What you will do: With both ends included, repeat exactly the lines of the entries below from the one containing "Between Bloom and" down to the one containing "2013 TOYOTA RAV4 LIMITED photo 10", and no others.

Data:
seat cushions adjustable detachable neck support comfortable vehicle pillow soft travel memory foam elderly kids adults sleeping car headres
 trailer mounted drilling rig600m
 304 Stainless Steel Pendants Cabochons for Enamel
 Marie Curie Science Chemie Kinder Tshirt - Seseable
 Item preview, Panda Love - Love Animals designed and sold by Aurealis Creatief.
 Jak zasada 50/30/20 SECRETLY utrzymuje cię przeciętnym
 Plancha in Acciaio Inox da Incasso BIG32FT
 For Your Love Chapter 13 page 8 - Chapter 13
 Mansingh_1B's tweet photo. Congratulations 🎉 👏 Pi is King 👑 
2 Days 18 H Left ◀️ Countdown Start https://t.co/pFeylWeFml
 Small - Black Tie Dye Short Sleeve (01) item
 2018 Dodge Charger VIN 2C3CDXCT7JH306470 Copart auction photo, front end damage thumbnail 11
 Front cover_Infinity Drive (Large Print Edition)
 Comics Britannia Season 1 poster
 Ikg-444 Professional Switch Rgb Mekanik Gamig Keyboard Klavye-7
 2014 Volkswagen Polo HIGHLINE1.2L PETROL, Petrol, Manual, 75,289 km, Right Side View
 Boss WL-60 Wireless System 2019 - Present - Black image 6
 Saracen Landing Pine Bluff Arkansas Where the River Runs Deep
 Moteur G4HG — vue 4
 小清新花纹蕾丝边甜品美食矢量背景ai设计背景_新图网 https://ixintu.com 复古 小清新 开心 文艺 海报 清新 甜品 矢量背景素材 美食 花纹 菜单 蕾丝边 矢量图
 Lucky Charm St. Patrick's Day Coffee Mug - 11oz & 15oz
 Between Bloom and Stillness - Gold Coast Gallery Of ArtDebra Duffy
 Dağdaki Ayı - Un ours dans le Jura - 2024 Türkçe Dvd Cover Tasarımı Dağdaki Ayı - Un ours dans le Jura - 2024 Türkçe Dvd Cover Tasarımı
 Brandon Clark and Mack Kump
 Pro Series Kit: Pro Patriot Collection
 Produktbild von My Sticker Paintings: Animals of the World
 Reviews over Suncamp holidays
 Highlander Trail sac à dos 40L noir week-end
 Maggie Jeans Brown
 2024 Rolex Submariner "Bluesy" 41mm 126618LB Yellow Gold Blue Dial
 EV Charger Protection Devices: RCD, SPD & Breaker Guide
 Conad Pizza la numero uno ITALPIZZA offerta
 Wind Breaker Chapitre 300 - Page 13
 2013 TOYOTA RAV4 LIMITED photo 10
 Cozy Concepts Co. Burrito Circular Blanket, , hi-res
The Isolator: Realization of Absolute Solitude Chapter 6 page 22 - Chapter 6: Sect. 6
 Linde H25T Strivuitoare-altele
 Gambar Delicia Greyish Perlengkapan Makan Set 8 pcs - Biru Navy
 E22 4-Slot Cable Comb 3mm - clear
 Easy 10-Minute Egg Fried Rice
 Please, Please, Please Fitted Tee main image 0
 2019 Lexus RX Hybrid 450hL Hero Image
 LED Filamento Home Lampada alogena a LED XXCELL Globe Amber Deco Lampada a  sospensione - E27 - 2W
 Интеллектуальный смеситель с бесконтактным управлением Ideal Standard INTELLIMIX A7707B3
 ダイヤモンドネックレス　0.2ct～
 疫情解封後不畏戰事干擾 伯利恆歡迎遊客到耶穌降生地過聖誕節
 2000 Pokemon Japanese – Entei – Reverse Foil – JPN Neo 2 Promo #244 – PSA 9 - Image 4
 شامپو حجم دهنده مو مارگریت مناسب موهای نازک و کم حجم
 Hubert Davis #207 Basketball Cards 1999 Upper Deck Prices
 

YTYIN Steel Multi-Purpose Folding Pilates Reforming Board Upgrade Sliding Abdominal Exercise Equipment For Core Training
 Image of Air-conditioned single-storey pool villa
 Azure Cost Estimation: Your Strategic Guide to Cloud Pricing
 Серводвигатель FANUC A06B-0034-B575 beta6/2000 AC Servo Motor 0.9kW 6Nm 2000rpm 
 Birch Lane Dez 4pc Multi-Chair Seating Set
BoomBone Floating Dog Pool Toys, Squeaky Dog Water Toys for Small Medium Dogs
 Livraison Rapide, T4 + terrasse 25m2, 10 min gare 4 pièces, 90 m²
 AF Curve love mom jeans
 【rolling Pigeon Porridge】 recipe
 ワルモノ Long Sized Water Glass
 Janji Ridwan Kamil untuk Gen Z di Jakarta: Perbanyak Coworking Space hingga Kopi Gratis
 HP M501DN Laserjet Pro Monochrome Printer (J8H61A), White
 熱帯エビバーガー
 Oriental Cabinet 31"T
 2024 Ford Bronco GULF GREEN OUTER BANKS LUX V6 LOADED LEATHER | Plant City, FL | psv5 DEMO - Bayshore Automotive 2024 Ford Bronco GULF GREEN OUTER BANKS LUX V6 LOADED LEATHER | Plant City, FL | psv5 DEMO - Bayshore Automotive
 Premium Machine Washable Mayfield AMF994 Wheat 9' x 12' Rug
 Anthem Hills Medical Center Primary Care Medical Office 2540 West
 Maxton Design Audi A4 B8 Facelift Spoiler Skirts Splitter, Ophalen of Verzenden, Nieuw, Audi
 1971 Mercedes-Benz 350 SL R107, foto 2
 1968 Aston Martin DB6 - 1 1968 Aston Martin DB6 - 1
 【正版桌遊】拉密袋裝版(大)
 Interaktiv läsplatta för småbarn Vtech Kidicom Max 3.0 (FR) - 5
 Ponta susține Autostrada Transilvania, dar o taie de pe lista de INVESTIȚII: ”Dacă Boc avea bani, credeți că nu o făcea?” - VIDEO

Result of this task:
 Between Bloom and Stillness - Gold Coast Gallery Of ArtDebra Duffy
 Dağdaki Ayı - Un ours dans le Jura - 2024 Türkçe Dvd Cover Tasarımı Dağdaki Ayı - Un ours dans le Jura - 2024 Türkçe Dvd Cover Tasarımı
 Brandon Clark and Mack Kump
 Pro Series Kit: Pro Patriot Collection
 Produktbild von My Sticker Paintings: Animals of the World
 Reviews over Suncamp holidays
 Highlander Trail sac à dos 40L noir week-end
 Maggie Jeans Brown
 2024 Rolex Submariner "Bluesy" 41mm 126618LB Yellow Gold Blue Dial
 EV Charger Protection Devices: RCD, SPD & Breaker Guide
 Conad Pizza la numero uno ITALPIZZA offerta
 Wind Breaker Chapitre 300 - Page 13
 2013 TOYOTA RAV4 LIMITED photo 10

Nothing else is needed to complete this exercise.